PHYS 1412: Chapter 22

"What do we mean by the Big Bang theory?"

The Big Bang theory is the theory that all we can see began as an "incredibly tiny, hot, and dense collection of matter and radiation" (p634). This collection began cooling and expanding when the universe was 10^-43 seconds old ("Planck time"). Current theories can't describe what took place in the Planck era, the time between the Big Bang and Planck time.

"Briefly describe the two key pieces of evidence that support the Big Bang theory."

The first of the two key pieces of evidence for the Big Bang theory is cosmic microwave background that fills the universe. It matches the Big Bang's prediction that radiation began to stream across the universe after the end of the age of nuclei.

The second key piece is the observation that the universe's helium content matches that predicted by the Big Bang. Stellar fusion would only produce 10% of what is observed, but the Big Bang theory accounts for the rest by saying some of the universe's original hydrogen would have fused into helium in the age of nucleosynthesis.

"Briefly describe how the cosmic microwave background was discovered."

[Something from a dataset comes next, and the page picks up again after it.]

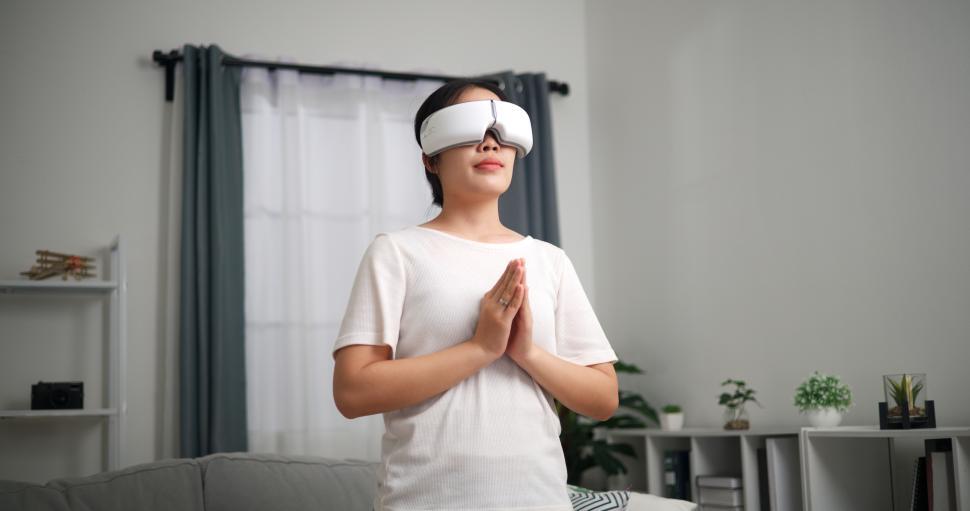 Free Image of Relaxed young woman wears VR goggles standing doing yoga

The cosmic microwave background was discovered in 1965 by Arno Penzias and Robert Wilson of Bell Laboratories in New Jersey. Each measurement made with a sensitive microwave antenna they were calibrating for satellite communication was showing unexpected noise. The noise came from all directions in the sky and proved impossible to eliminate. Around the same time, a group at Princeton decided that radiation from the Big Bang should be permeating the universe and therefore be detectable with a microwave antenna. A chance meeting between Penzias and an astronomer from Princeton led to the identification of Penzias and Wilson's noise as the cosmic microwave background and a Nobel Prize in 1978 for these two physicists.